- Assignment
Take the lines below beginning at the line that has "Verscheidenheid aan biologische" and stopping after the line that has "Late 19th/early 20th", and print them exactly as they are, with no other lines.

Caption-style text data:

::::

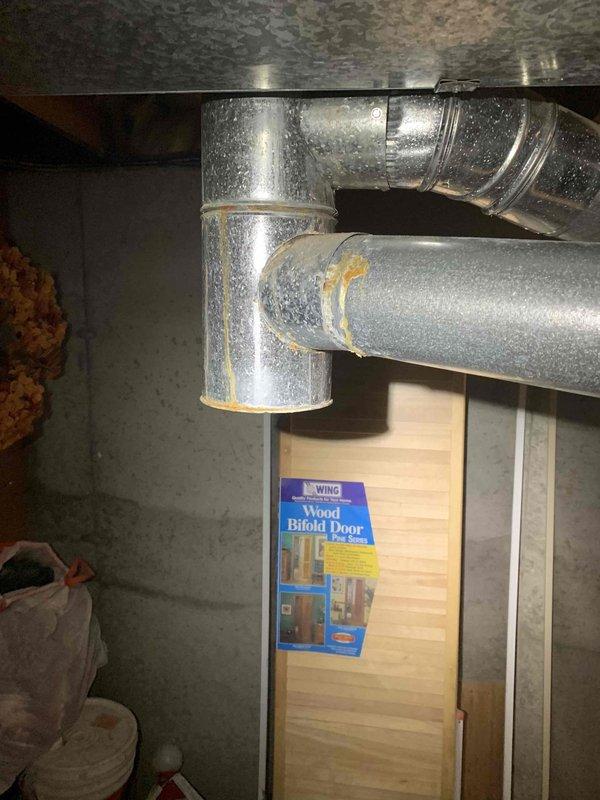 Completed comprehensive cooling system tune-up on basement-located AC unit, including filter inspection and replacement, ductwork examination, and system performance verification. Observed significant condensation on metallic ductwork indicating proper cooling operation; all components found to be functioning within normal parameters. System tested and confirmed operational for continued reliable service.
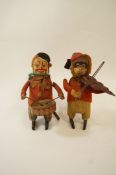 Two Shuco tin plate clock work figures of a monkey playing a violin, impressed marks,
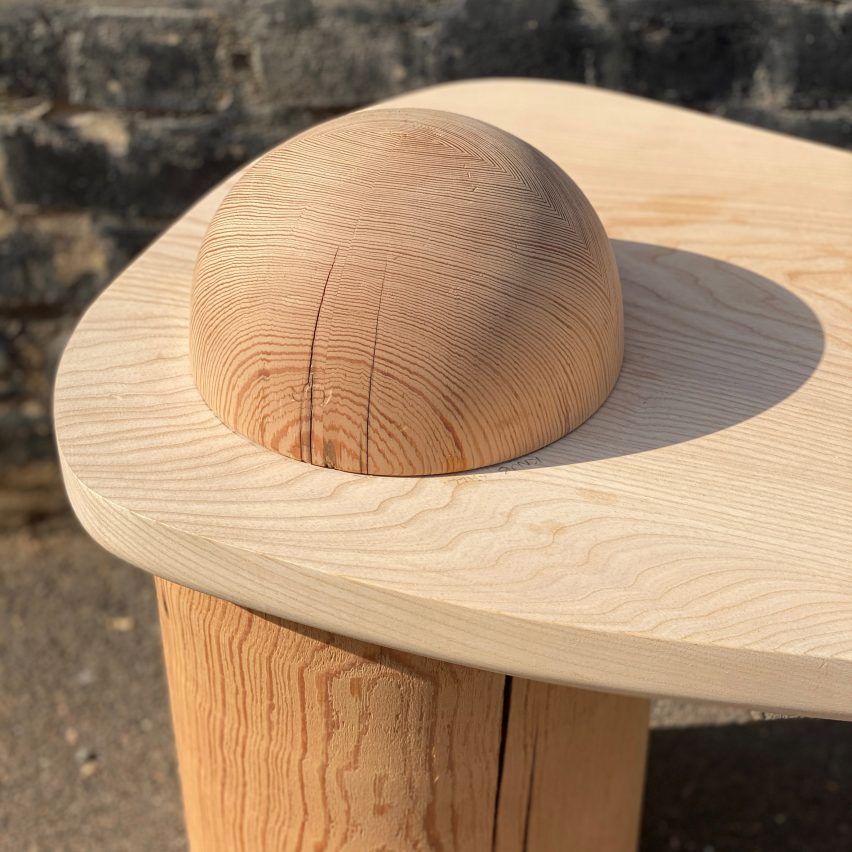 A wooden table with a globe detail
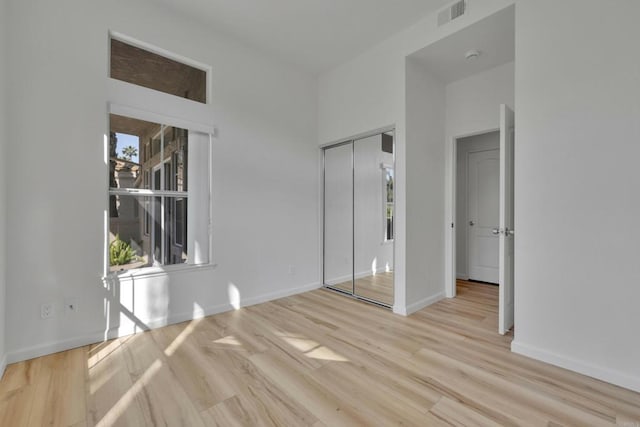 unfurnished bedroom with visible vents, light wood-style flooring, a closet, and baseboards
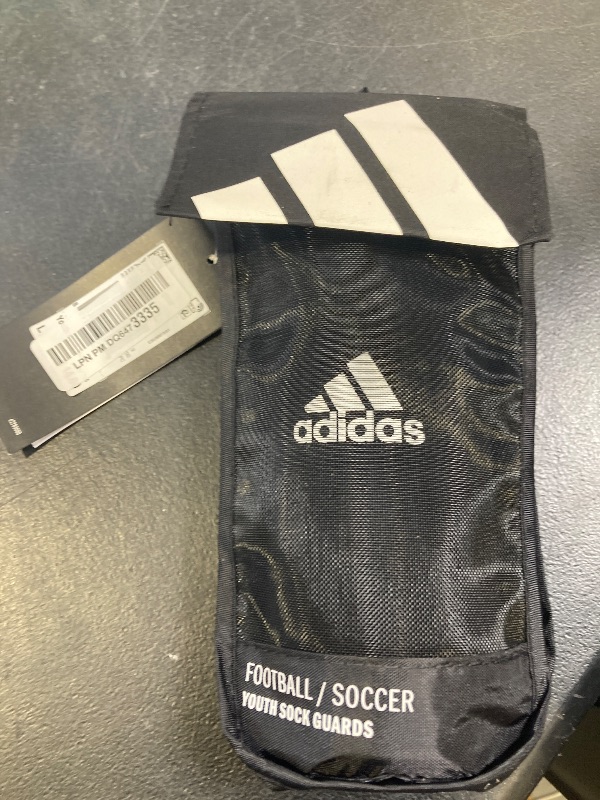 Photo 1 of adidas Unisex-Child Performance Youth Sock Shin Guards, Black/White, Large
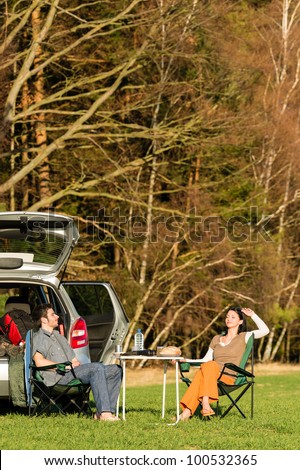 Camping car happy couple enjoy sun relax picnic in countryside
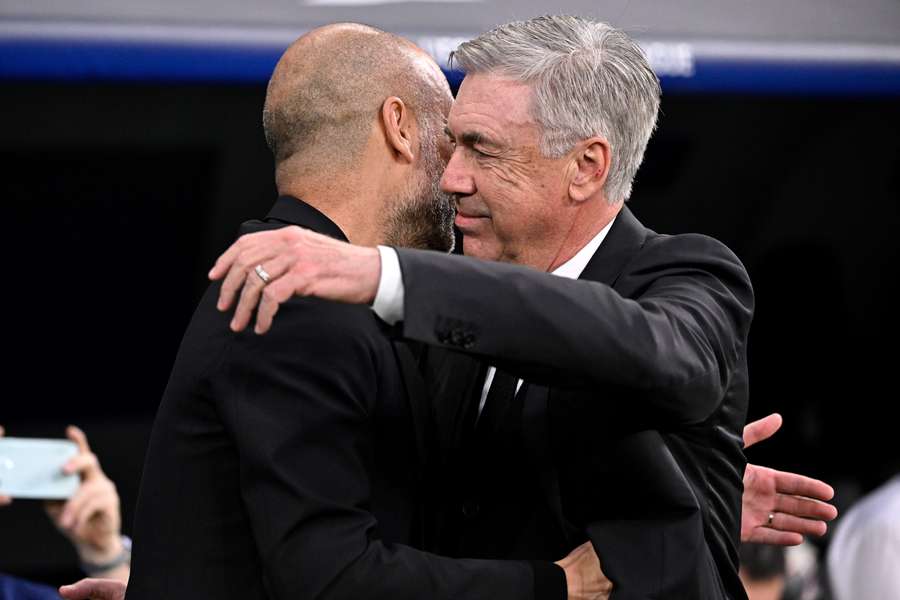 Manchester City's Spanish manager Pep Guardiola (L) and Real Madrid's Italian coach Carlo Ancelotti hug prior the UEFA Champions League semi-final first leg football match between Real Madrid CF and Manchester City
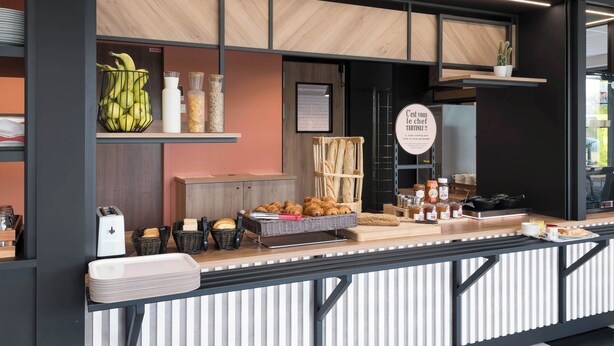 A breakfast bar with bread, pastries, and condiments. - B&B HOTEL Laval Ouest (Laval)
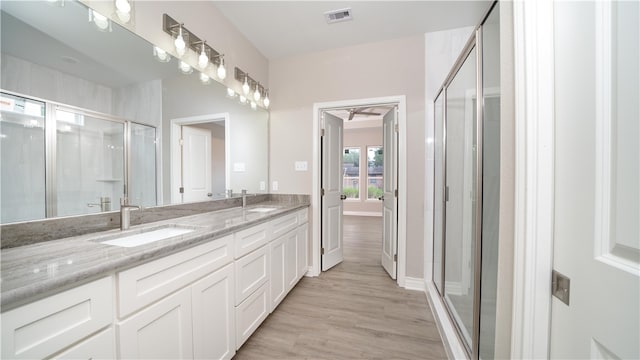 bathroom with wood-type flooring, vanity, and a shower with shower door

::::

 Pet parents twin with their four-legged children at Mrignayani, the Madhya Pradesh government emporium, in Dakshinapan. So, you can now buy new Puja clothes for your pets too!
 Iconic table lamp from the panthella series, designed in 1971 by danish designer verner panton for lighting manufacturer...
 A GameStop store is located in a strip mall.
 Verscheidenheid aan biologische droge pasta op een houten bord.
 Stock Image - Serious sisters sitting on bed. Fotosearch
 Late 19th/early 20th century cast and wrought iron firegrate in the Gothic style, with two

::::

- Answer to the problem
 Verscheidenheid aan biologische droge pasta op een houten bord.
 Stock Image - Serious sisters sitting on bed. Fotosearch
 Late 19th/early 20th century cast and wrought iron firegrate in the Gothic style, with two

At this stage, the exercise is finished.